Wir aber gelangten in finsterer Nacht nach Spincourt; alle Fenster waren hell, zum Zeichen, dass alle Zimmer besetzt seien. An jeder Haustüre ward protestiert von den Einwohnern, die keine neuen Gäste, von den Einquartierten, die keine Genossen aufnehmen wollten. Ohne viel Umstände aber drang unser Husar ins Haus, und als er einige französische Soldaten in der Halle am Feuer fand, ersuchte er sie zudringlich, vornehmen Herren, die er geleite, eine Platz am Kamin einzuräumen.

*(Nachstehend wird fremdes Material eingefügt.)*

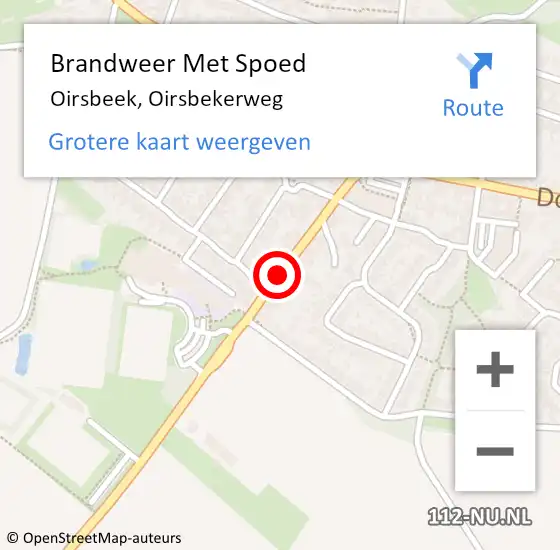 Locatie op kaart van de 112 melding: Brandweer Met Spoed Naar Oirsbeek, Oirsbekerweg op 28 november 2017 18:46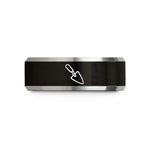 special present for mom – black & gray tungsten mason trowel wedding band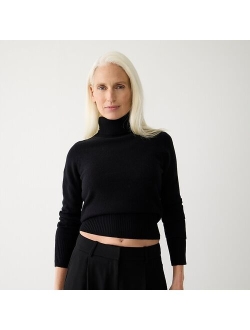 Cashmere cropped turtleneck sweater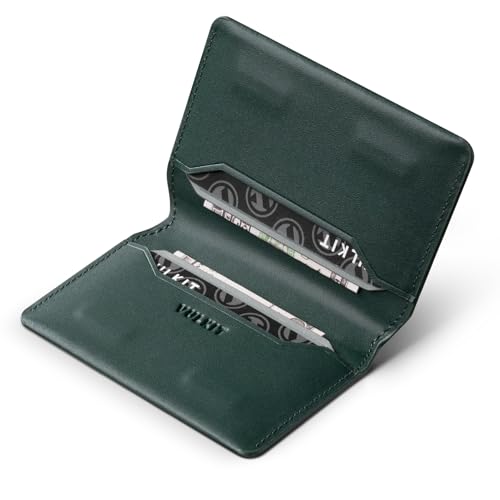 VULKIT Slim Minimalist Card Holder RFID Blocking Leather Credit Card Holder Front Pocket Wallet Magnetic Closure - color: Olive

Wir traten zugleich herein; sie warne freundlich und rückten zusammen, setzten sich aber bald wieder in die wunderliche Positur, ihre aufgehobenen Füße gegen das Feuer zu strecken. Sie liefen auch wohl einmal im Saal hin und wider und kehrten bald in ihre vorige Lage zurück, und nun konnt' ich bemerken, dass es ihr eigentliches Geschäft sei, den unteren Teil ihrer Gamaschen zu trocknen.